▶ _Exercise prompt_: Below are records to print word for word; include none of their pictures.

▶ _The data_:
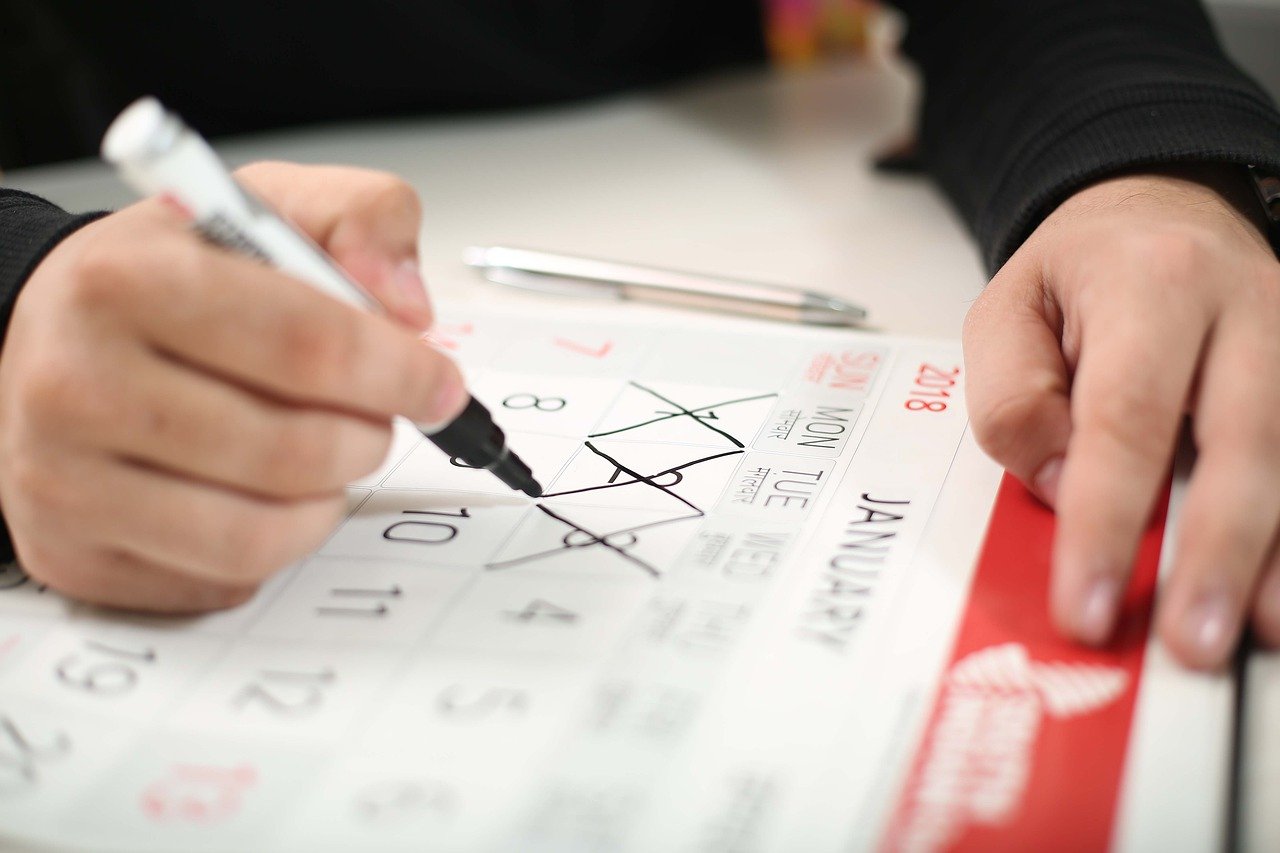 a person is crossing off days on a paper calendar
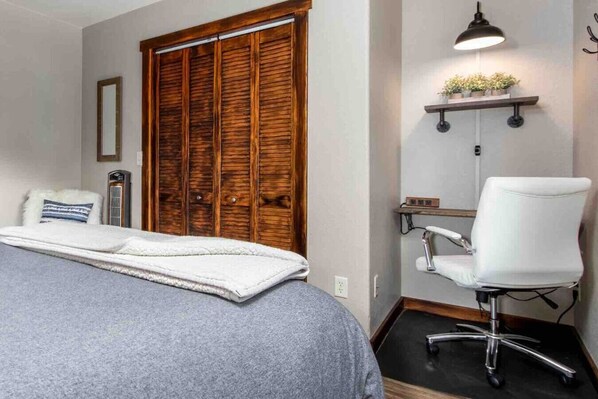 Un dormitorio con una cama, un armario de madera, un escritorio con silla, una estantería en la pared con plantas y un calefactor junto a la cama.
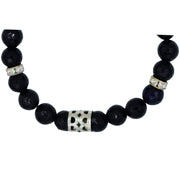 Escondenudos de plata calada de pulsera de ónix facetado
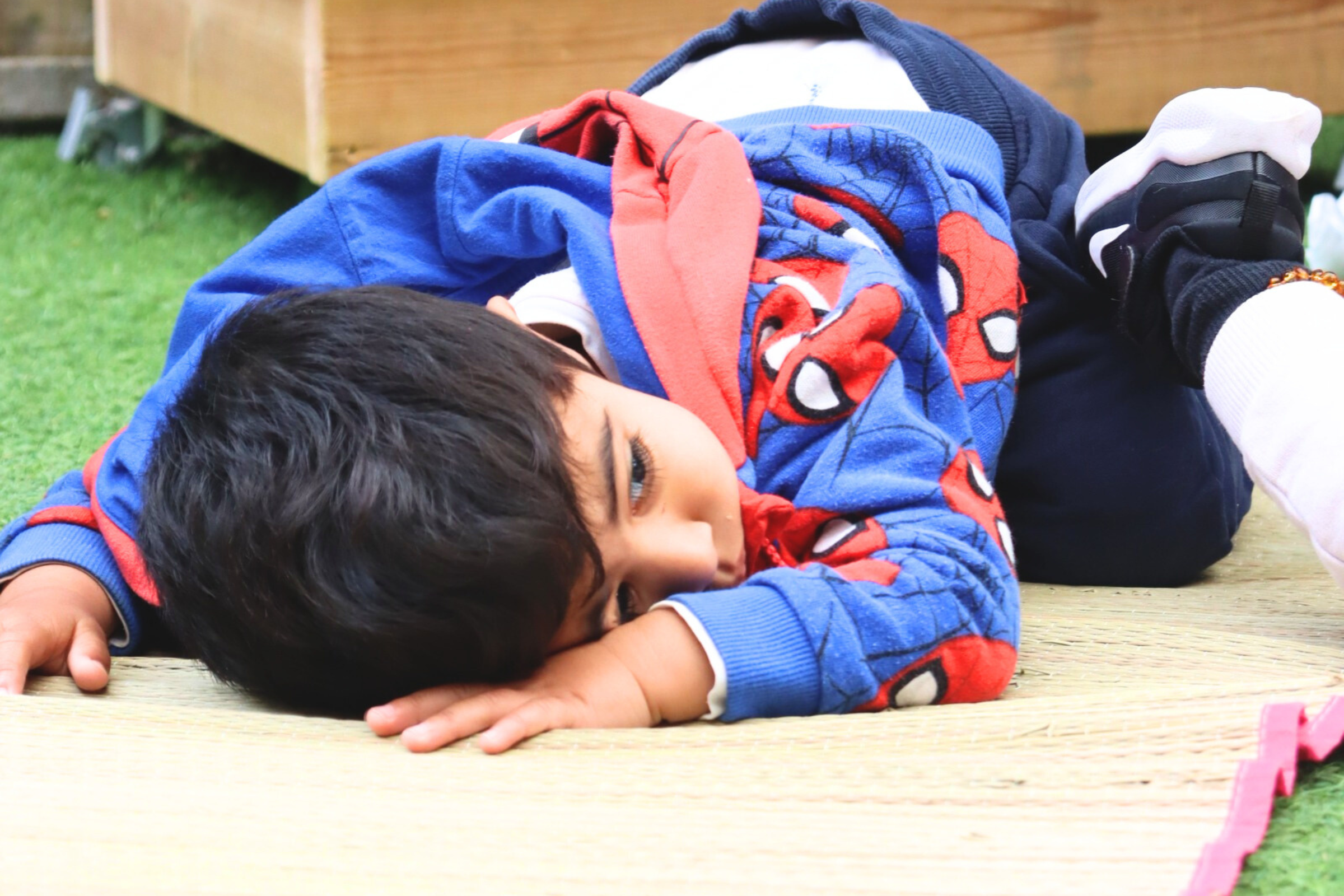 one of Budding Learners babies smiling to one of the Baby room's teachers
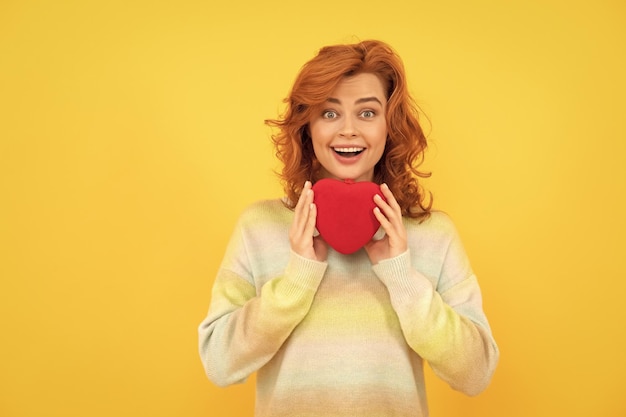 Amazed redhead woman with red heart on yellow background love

▶ _Answer to this exercise_:
 a person is crossing off days on a paper calendar
 Un dormitorio con una cama, un armario de madera, un escritorio con silla, una estantería en la pared con plantas y un calefactor junto a la cama.
 Escondenudos de plata calada de pulsera de ónix facetado
 one of Budding Learners babies smiling to one of the Baby room's teachers
 Amazed redhead woman with red heart on yellow background love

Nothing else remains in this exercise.